## [Aim of the task]
Across all the records, filter for lines with the word "Parties" and copy them.

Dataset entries
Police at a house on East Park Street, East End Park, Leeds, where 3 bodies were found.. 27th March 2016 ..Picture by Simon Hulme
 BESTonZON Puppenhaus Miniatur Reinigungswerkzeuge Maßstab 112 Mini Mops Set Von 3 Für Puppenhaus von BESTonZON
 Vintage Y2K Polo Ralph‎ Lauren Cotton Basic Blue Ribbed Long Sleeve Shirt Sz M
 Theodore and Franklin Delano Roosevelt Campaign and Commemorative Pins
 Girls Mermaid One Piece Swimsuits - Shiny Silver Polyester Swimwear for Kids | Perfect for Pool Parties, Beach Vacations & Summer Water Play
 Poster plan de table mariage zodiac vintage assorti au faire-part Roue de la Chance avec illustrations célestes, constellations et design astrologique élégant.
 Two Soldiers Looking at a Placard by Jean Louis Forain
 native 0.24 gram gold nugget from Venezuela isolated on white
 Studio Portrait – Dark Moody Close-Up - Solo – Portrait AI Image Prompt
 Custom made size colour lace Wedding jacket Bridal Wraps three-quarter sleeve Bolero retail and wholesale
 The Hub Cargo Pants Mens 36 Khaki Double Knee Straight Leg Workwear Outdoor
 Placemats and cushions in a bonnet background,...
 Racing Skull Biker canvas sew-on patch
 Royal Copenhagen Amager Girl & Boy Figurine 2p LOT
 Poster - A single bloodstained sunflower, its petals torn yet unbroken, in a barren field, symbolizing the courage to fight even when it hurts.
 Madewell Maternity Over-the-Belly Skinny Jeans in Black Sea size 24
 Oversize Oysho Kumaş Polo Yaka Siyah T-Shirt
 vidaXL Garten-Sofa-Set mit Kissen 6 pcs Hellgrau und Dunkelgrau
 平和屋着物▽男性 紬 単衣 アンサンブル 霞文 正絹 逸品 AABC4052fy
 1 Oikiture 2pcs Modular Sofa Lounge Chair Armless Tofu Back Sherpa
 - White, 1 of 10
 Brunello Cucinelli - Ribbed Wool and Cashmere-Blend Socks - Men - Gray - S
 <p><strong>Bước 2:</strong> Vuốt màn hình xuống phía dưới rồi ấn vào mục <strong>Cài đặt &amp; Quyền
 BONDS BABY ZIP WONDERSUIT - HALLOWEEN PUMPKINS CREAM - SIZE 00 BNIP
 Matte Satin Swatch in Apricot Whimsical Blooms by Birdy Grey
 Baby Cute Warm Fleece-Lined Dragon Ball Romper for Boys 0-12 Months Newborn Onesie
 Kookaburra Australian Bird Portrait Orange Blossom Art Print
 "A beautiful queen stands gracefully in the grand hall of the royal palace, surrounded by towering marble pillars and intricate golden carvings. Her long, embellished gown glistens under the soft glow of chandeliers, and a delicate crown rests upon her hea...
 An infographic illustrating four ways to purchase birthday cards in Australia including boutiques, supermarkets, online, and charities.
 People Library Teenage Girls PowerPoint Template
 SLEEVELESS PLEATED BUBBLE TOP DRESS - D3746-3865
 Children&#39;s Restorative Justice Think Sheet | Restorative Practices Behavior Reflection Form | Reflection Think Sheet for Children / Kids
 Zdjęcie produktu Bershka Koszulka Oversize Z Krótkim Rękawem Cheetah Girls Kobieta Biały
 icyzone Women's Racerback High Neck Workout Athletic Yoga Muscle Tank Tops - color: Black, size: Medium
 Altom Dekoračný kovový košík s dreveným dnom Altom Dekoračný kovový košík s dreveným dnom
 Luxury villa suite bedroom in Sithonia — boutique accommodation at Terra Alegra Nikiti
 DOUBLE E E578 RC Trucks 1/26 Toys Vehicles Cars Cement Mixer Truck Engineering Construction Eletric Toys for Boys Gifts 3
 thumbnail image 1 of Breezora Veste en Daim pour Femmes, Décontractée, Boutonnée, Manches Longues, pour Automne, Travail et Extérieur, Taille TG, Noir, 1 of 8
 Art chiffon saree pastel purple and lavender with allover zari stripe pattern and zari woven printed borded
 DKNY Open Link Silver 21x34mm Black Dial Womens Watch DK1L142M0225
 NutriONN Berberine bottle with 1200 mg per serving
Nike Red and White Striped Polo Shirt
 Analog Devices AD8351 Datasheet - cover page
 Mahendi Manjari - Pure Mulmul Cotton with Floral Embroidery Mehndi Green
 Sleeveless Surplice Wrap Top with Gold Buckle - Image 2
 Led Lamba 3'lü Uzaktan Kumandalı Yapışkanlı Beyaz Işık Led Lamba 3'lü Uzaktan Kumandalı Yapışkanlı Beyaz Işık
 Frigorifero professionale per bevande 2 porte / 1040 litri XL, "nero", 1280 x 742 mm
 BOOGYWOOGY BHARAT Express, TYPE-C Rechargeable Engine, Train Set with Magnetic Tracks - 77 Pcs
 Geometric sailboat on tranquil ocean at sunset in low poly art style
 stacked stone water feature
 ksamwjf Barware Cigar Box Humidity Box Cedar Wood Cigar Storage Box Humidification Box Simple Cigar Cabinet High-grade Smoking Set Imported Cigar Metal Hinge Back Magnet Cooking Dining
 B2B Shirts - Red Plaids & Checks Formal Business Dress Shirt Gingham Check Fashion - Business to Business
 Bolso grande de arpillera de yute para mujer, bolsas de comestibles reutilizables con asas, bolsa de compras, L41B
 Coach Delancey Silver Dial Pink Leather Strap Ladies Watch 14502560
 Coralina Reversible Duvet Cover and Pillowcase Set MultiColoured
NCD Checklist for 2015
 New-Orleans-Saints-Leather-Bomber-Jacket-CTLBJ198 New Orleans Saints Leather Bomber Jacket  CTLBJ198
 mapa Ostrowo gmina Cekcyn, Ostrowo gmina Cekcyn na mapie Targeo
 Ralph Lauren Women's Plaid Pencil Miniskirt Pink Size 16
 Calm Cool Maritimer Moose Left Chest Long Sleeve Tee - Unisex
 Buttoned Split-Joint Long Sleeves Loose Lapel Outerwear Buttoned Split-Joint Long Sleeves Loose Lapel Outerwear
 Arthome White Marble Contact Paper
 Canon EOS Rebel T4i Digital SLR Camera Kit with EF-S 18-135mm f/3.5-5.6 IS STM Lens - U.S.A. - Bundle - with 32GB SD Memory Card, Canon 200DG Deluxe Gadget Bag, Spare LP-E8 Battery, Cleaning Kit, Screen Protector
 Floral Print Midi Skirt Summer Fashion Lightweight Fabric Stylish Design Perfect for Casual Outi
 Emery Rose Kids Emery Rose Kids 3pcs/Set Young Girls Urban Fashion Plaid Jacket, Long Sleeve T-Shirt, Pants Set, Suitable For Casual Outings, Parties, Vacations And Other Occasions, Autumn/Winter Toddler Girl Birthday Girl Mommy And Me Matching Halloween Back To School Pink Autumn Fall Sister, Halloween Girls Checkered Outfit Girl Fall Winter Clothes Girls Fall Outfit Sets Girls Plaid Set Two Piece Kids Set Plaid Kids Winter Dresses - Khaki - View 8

## [Answer space]
 Girls Mermaid One Piece Swimsuits - Shiny Silver Polyester Swimwear for Kids | Perfect for Pool Parties, Beach Vacations & Summer Water Play
 Emery Rose Kids Emery Rose Kids 3pcs/Set Young Girls Urban Fashion Plaid Jacket, Long Sleeve T-Shirt, Pants Set, Suitable For Casual Outings, Parties, Vacations And Other Occasions, Autumn/Winter Toddler Girl Birthday Girl Mommy And Me Matching Halloween Back To School Pink Autumn Fall Sister, Halloween Girls Checkered Outfit Girl Fall Winter Clothes Girls Fall Outfit Sets Girls Plaid Set Two Piece Kids Set Plaid Kids Winter Dresses - Khaki - View 8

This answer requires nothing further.